## Entries shown
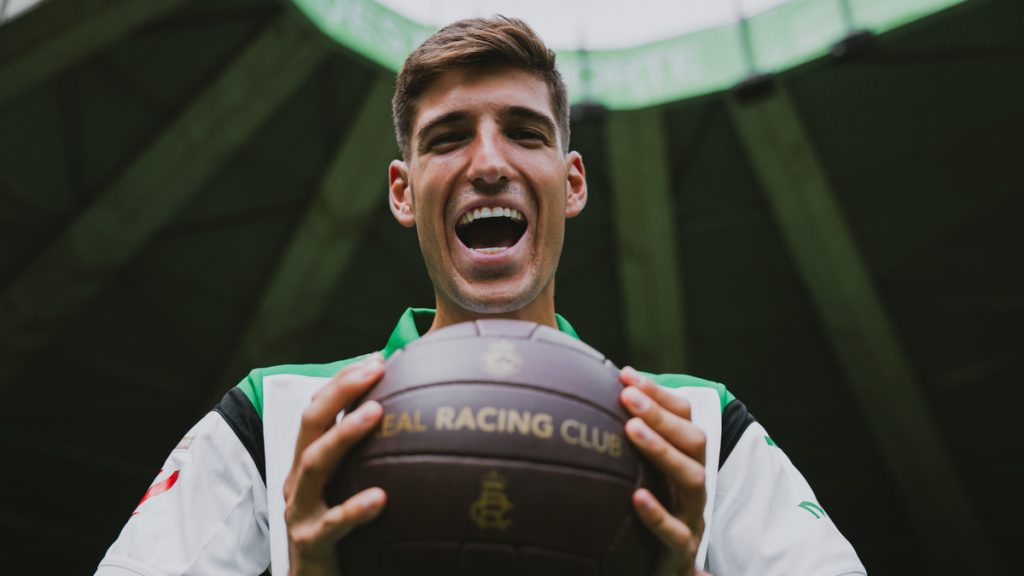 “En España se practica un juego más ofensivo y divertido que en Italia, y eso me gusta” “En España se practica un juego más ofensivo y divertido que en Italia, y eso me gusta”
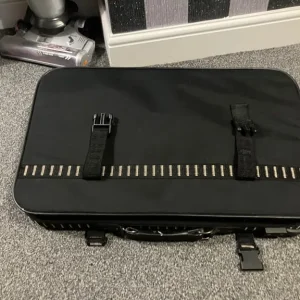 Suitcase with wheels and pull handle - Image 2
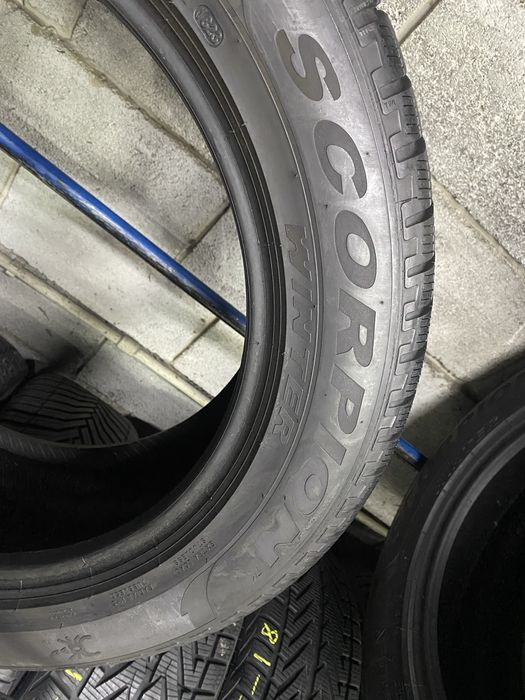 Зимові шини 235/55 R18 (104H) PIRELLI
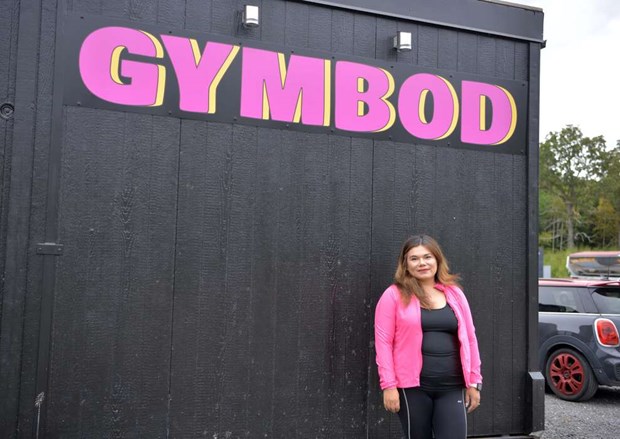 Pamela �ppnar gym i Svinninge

* * *

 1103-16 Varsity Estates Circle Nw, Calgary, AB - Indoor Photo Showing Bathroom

## Task to carry out
Please copy out from the data above, without any picture, exactly the lines running from the one that holds "Зимові шини 235/55 R18 (104H) PIRELLI" through the one that holds "Pamela �ppnar gym i Svinninge", and nothing beyond them.

## The answer
 Зимові шини 235/55 R18 (104H) PIRELLI
 Pamela �ppnar gym i Svinninge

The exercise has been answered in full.